What to do: Please repeat the records exactly, keeping the pictures out.

Material to process:
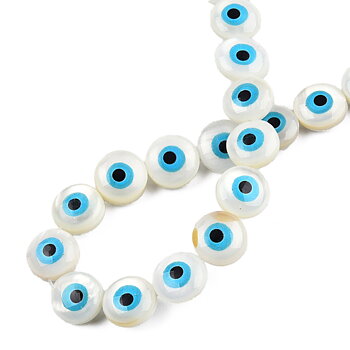 Evil eye snäckskalspärlor 6st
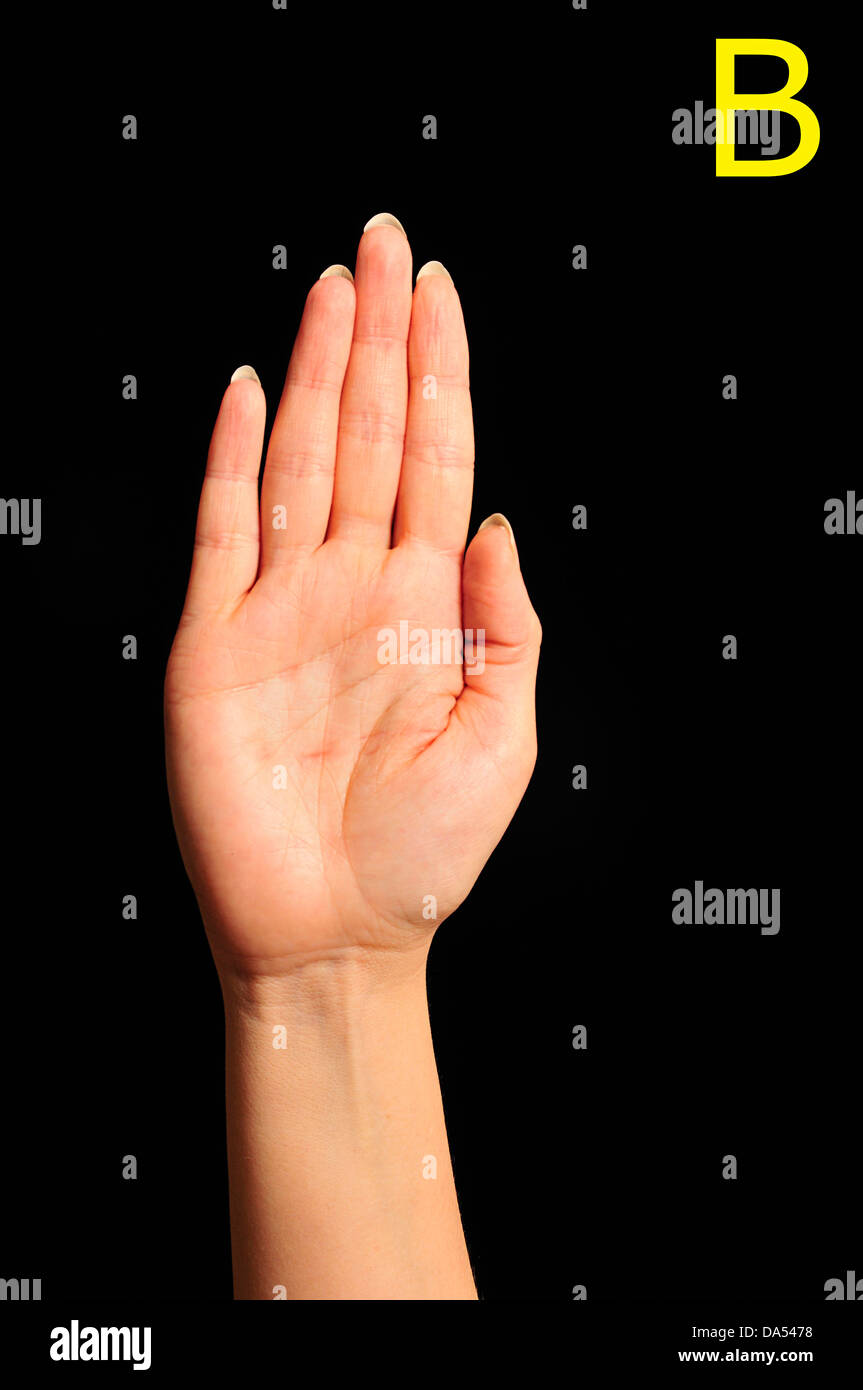 Asl Alphabet Of Signs For Deaf, Letter B Stock Photo - Alamy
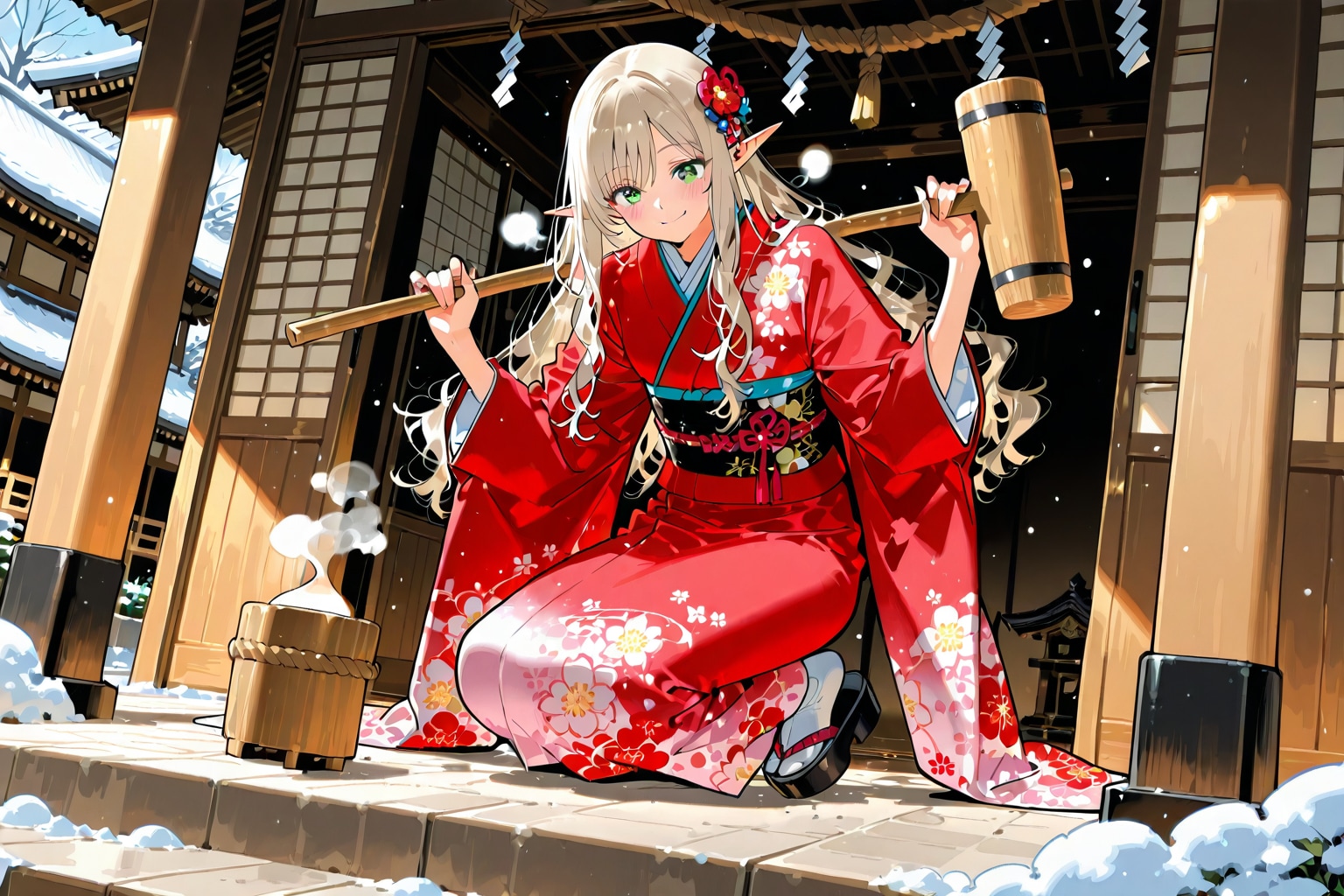 餅つき？をするエルフの女の子 | の人気AIイラスト・グラビア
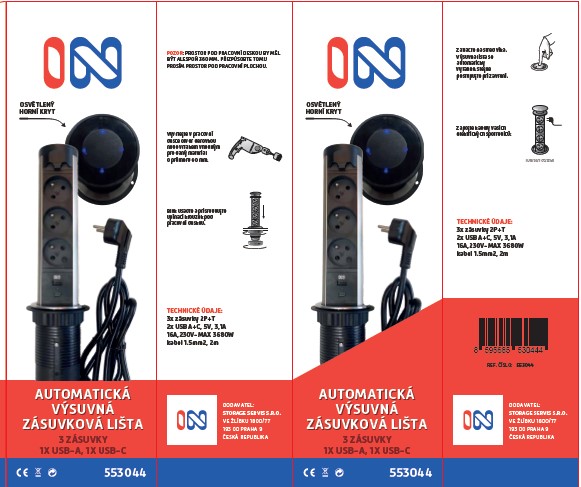 Automatická výsuvná lišta N 553044, 3 zásuvky, USB A + C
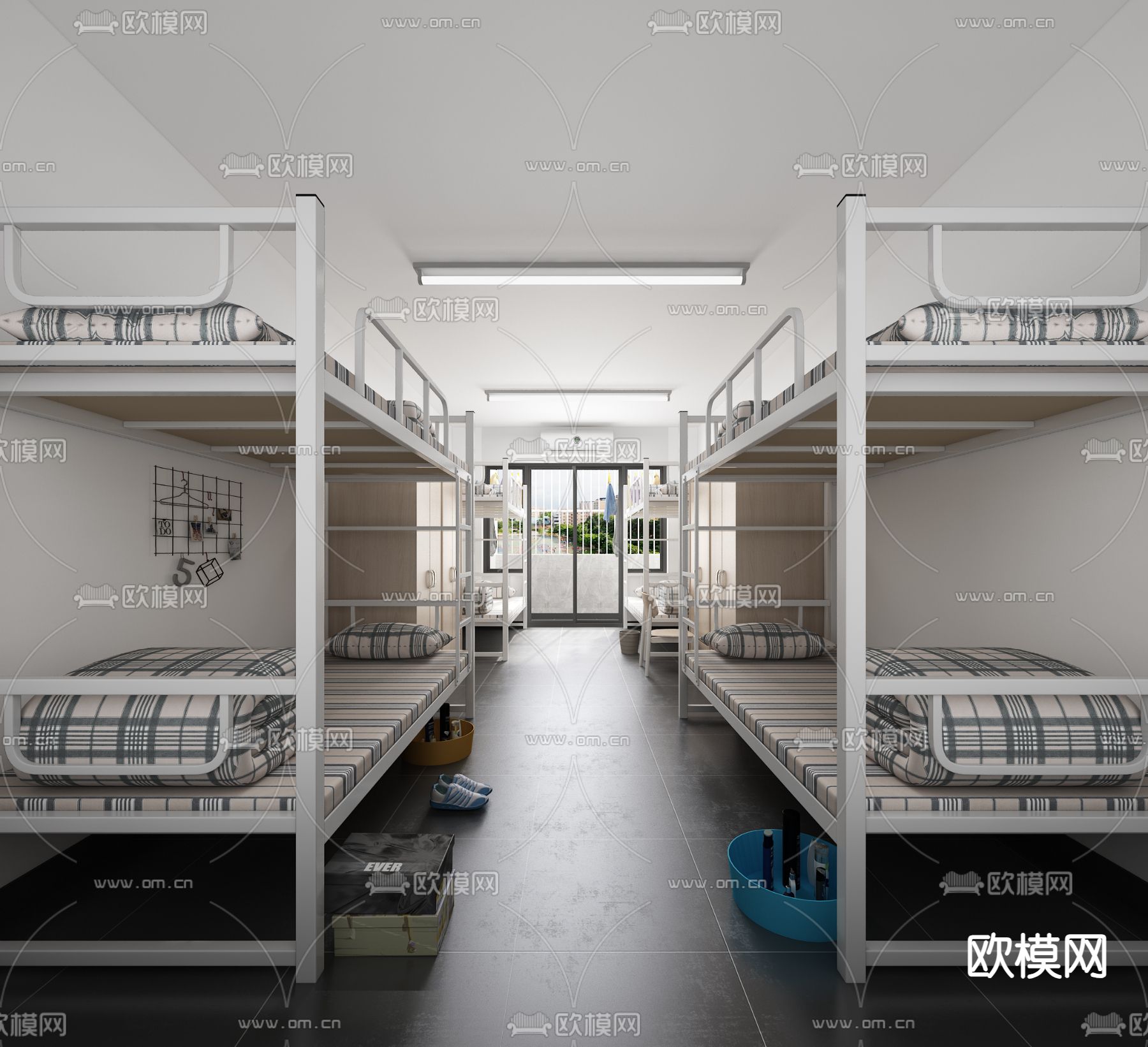 员工宿舍 学生宿舍su模型下载（渲染图1）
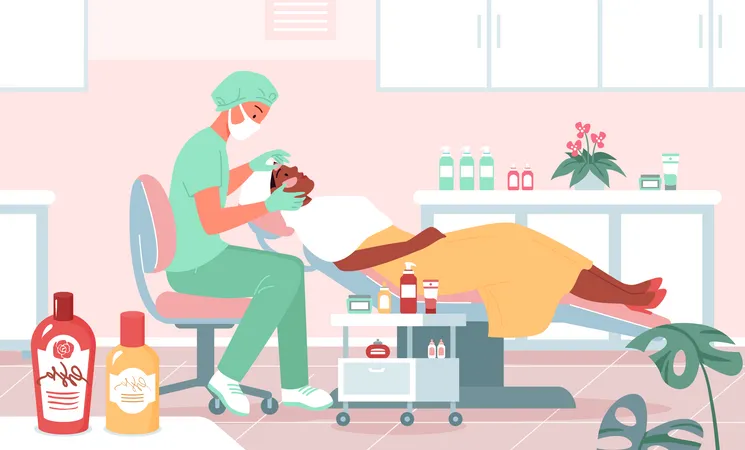 Male dermatologist treating female patient  Illustration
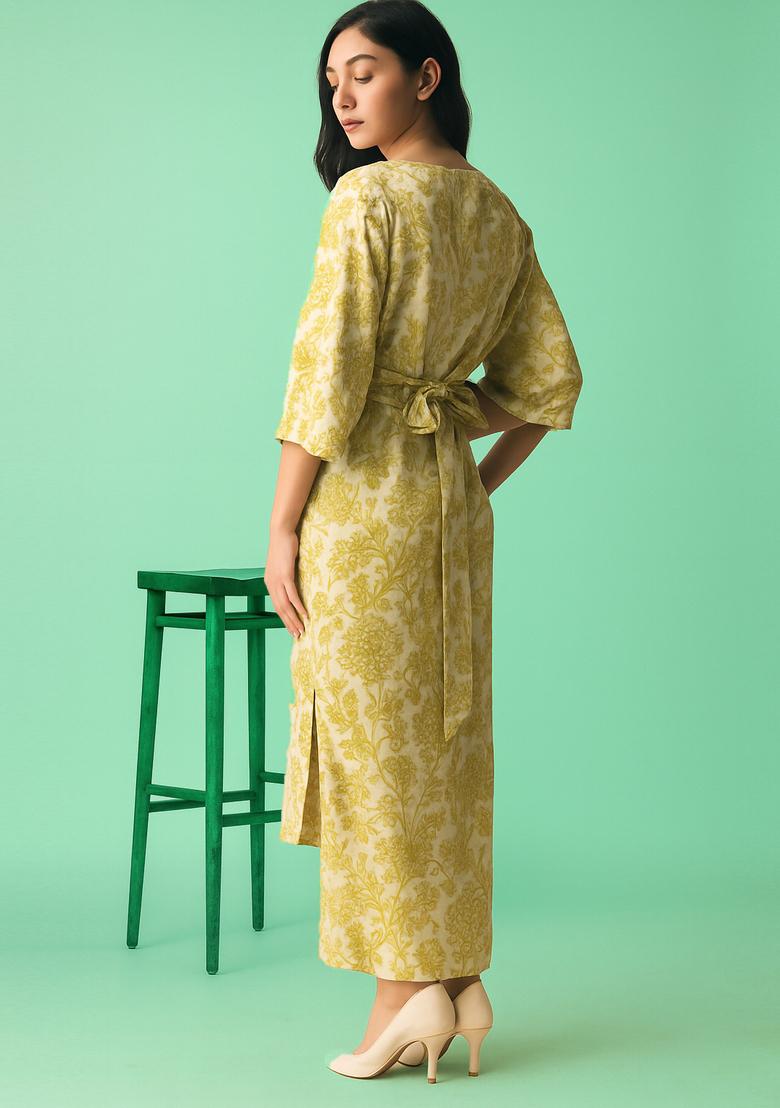 Green Printed Cotton Dress - Indya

Response below:
 Evil eye snäckskalspärlor 6st
 Asl Alphabet Of Signs For Deaf, Letter B Stock Photo - Alamy
 餅つき？をするエルフの女の子 | の人気AIイラスト・グラビア
 Automatická výsuvná lišta N 553044, 3 zásuvky, USB A + C
 员工宿舍 学生宿舍su模型下载（渲染图1）
 Male dermatologist treating female patient  Illustration
 Green Printed Cotton Dress - Indya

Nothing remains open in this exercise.